What remains underexplored in existing scholarship is the intersection between grammatical structure and social meaning in Cameroon’s Anglophone communities. Whilst previous studies have documented distinctive features of Cameroon English, few have systematically examined how grammatical choices function as social resources in everyday interaction and how they index relationships, signal identity, and accomplish pragmatic work as speakers move across social situations. This study addresses that gap by combining structural grammatical analysis with sociopragmatic investigation of four key morphosyntactic domains: verb serialisation, aspectual marking, nominal plurality, and prepositional usage. Together, these analyses reveal how grammar functions not merely as abstract structure but as a dynamic medium for social action.
Theoretical Framework
Three bodies of scholarship converge to frame the analysis. The World Englishes tradition provides the broader orientation towards postcolonial variety legitimacy; contact linguistics supplies the conceptual tools for understanding structural integration; and theories of social meaning and indexicality allow us to connect grammatical form to social action.

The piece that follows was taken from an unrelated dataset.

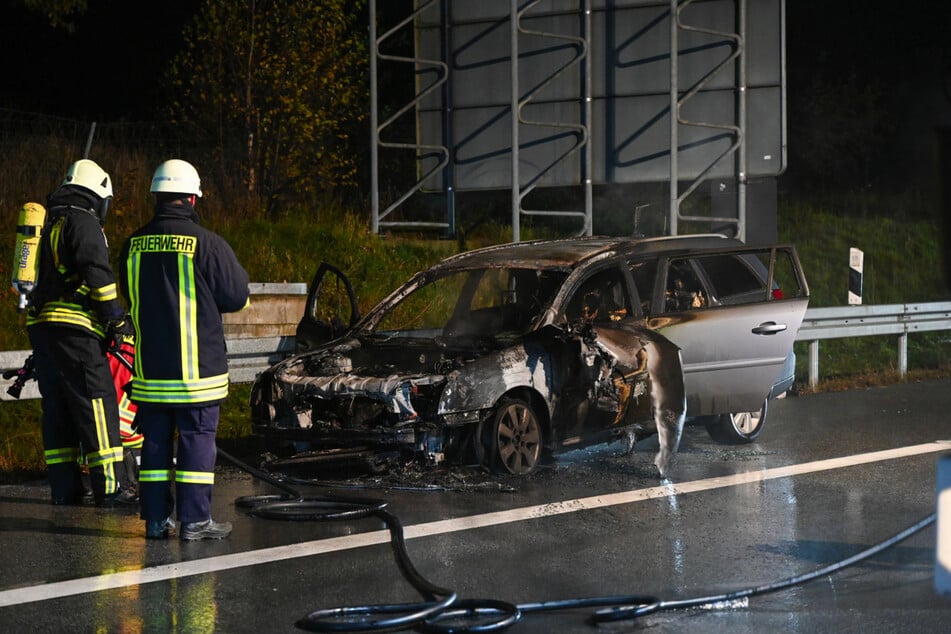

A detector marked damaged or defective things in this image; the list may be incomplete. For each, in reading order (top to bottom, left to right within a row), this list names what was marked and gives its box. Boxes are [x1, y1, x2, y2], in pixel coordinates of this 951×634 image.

burned car [249, 235, 808, 476]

World English and Postcolonial Varieties
The scholarly landscape for understanding English in postcolonial contexts has evolved considerably over recent decades. Kachru’s (1992) concentric circles model provides a foundational framework, situating Cameroon English as an Outer Circle variety that has developed distinctive features across phonological, lexical, and grammatical domains. Contemporary scholarship nonetheless emphasises that such varieties are not deficient approximations of metropolitan standards but legitimate linguistic systems adapted to local contexts and communicative needs (Mesthrie & Bhatt, 2021). Kachru, Y. (2019) further argues that the persistence of these varieties in the face of continued metropolitan norms reflects active speaker investment rather than simple institutional inertia, a point directly relevant to our findings on social meaning.
Anchimbe and Janney (2021) demonstrate comprehensively that Cameroon English exhibits systematic patterns across multiple linguistic levels, worthy of description and analysis in their own right. Their work shows how pragmatic patterns in Cameroon English reflect cultural values and communicative styles that are genuinely distinct from metropolitan varieties. Similarly, Simo Bobda's (2021) analysis documents the systematic nature of phonological, grammatical, and lexical features, providing evidence that Cameroon English operates according to its own internal norms. Mesthrie and Bhatt (2021) place these findings within the broader trajectory of World Englishes research, which has increasingly foregrounded the creative rather than imitative character of postcolonial varieties.
Substrate Influence in Language Contact
Contemporary language contact theory has moved beyond interference-based models to frame substrate influence as a process of selective adaptation. Winford’s (2020) analysis demonstrates that features from substrate languages become integrated into contact varieties when they align with existing patterns in the target language and serve important communicative functions, shifting analytical attention from what speakers cannot do to what they creatively accomplish. Mufwene's (2021) ecological approach offers a particularly productive supplement: in this view, the features that emerge and become conventionalised in contact varieties are precisely those proving functionally useful in the specific demographic, social, and communicative conditions of contact. This explains not only why substrate influence is systematic rather than haphazard, but also why particular features persist across generations whilst others recede.
The ecological perspective also accounts for internal variation within contact varieties. Different social groups may adopt different features depending on their communicative needs, social networks, and positions within broader social structures, generating internally diverse varieties rather than uniform systems. This heterogeneity, far from being a problem for description, is itself a sociolinguistic resource — one that speakers, as the findings below demonstrate, exploit with considerable skill.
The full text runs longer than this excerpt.